Grey Water Systems

There are two main types of domestic waste water, black water and grey water. The main difference between the two are bacteriological levels and presence of human pathogens in black water. Meaning, black water comes from your toilet and grey water comes from the other drains. Grey water still contains the same pathogens, it just typically has much fewer of them. Sometimes grey water is used to refer to water of almost drinking quality, like collected rain or snow melt water, I prefer to call that raw water.
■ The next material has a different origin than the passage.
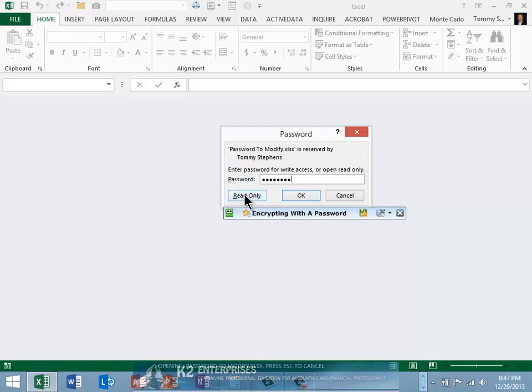Excel offers a myriad of options for securing a workbook and its contents. If you want to allow all users to open a workbook but also desire to control who can edit the workbook, then consider this method of adding a password to make the workbook read-only to those users who do not know the password.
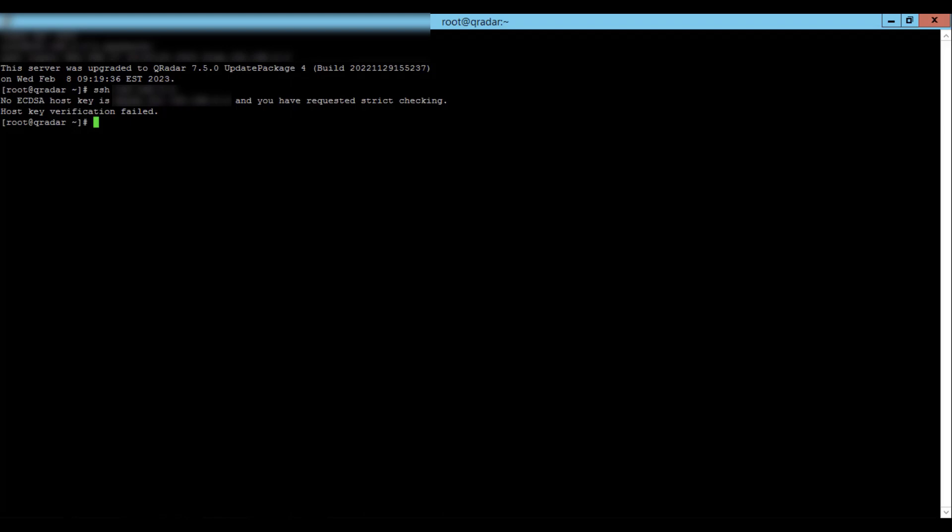when strict checking is enforced, SSH connections to a host require the host's public host key to previously exist in the known hosts file. To resolve this,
There are many regulations on uses of grey water. A lot of places make no distinction between them because improperly handled grey water can become black water in less than 24 hours. If you live somewhere that allows grey water recycling, find out what the approved uses are and obtain any permits you need. If you live somewhere that has an abundance of water, you may spend more on the new system than you will save. Grey water recycling gets it’s most benefit where there is a strong need for irrigation, and a short supply of fresh water.

The goal of grey water recycling is to take advantage of the nutrients present before it is mixed with the pathogens in the black water. The other usefu part of grey water is the heat. Plumbing you grey water system to send grey water around (but not connected to) the inlet to your hot water tank will save you some money.

The basic components of a grey water system are the collection drains and plumbing and a distribution system to a biological treatment receptor.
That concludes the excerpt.